Accordingly, according to the exemplary configuration, the process
uses the latest three points. Notably, three points have been found
to be optimal as using more than three points (four or more) can
result in the incorporation of older conditions that may disturb
the model consistency. By limiting the data used to three points
according to the exemplary configuration, it has been determined
that it is unlikely that such latest conditions will reflect old
readings to the extent that the averaged conditions will be
significantly affected. Nevertheless, the exemplary configuration
includes the, e.g., six, months time limitation condition.
Feeding the Data into the Well Performance Software
According to the exemplary configuration, the well performance
modeling software/program product is driven and communicated
automatically using an external program, which also allows for data
input and extraction. An example of such external program is named
"Prosper," which is a vendor application developed by Petroleum
Experts www.petex.com. Other engines capable of performing the same
functions, including, for example, an engine incorporated into
program product 51 according to an alternative embodiment of the
present invention, can be utilized.
Vertical Flow Correlation Validation
The pressure drop inside the wellbore can be calculated using
multi-phase flow correlations. Particularly, according to the
exemplary configuration, flowing well test conditions are used in
order to validate and fine-tune the performance of the selected
flow correlation. Initially, the rows displayed in FIG. 7 will be
empty and will be filled one by one, for example, to indicate that
the input data has been loaded into the model building software.

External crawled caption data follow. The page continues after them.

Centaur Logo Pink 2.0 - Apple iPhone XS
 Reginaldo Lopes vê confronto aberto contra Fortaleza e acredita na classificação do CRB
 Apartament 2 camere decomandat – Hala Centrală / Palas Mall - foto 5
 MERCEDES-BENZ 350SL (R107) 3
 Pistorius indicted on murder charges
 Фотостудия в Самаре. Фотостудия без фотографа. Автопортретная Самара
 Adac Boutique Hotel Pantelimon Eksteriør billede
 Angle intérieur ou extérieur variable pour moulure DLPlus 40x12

According to an exemplary configuration, the process utilizes
default values (determined through industry analysis) to provide
correlation selection criteria. According to an alternative
configuration, the vertical flow correlation validation step
includes providing a user a graphical interface (not shown) to
allow a user selection of a correlation from a drop-down list or
other access means.
According to the exemplary configuration, the correlation
performance can be modified by applying gravity and friction
correction factors so that the flowing bottom-hole pressure
predicted by the correlation at the gauge depth matches the
measured value. Note, the corrected values would not be expected to
match if the well had a work-over job after the well test date. As
such, according to the exemplary configuration, the flow
correlation will be used without validation. Later on, the
correlation parameters can be changed to match the production rate
based on a criterion described later. After the flow correlation is
fine-tuned, the vertical flow modeling can be considered reliable
and the well model is ready for the total system calibration,
described below.
Model Initial Calibration
Performing a well model calibration step is essential before
relying on the model in any study and design analysis. The
calibration process is carried out by sending, for example, the
latest average rate test conditions (WHP, GOR and wc %) to the
simulator to calculate the liquid rate. According to the exemplary
configuration, the well model will be considered valid if the
difference between the predicted and measured liquid rate is within
approximately 5%. Otherwise, the calibration process will start as
follows:
Case 1: The well has a "Valid" PI test not followed by a
work-over.
Case 1.a: The model-predicted liquid rate is greater than the
measured liquid rate.
In this case, according to the exemplary configuration, it is
assumed the formation started developing skin or damage and the
total PI can be decreased. The system/program product will start
incrementally reducing the PI and recalculating the rate until the
absolute error is within plus or minus 5%.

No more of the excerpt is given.